Exercise data>
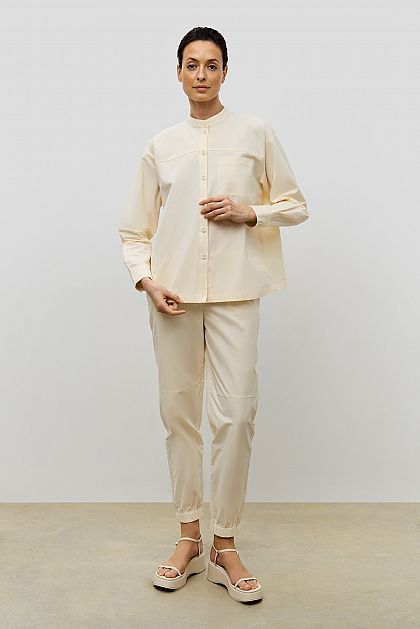 Свободная хлопковая блузка с воротником-стойкой Баон Baon B1723005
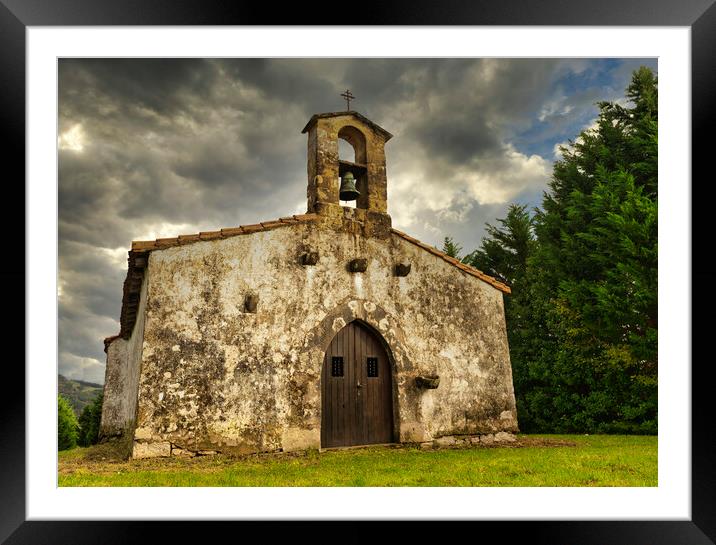 Photography with a small hermitage in Zarautz under the cloudy sky Framed Mounted Print by Vicen Photo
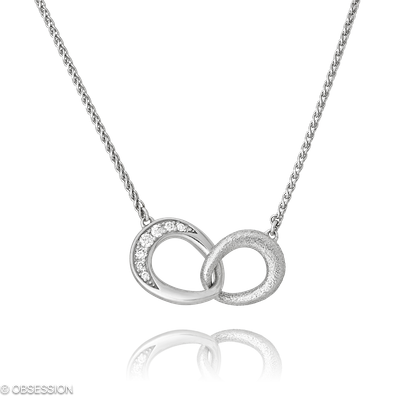 Anhänger mit Kette Unendliche Geschichte in Weissgold mit 7 Brillant FG, vs1-vs2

What the task asks> For this exercise, restate the material exactly and skip every picture.

Answer space>
 Свободная хлопковая блузка с воротником-стойкой Баон Baon B1723005
 Photography with a small hermitage in Zarautz under the cloudy sky Framed Mounted Print by Vicen Photo
 Anhänger mit Kette Unendliche Geschichte in Weissgold mit 7 Brillant FG, vs1-vs2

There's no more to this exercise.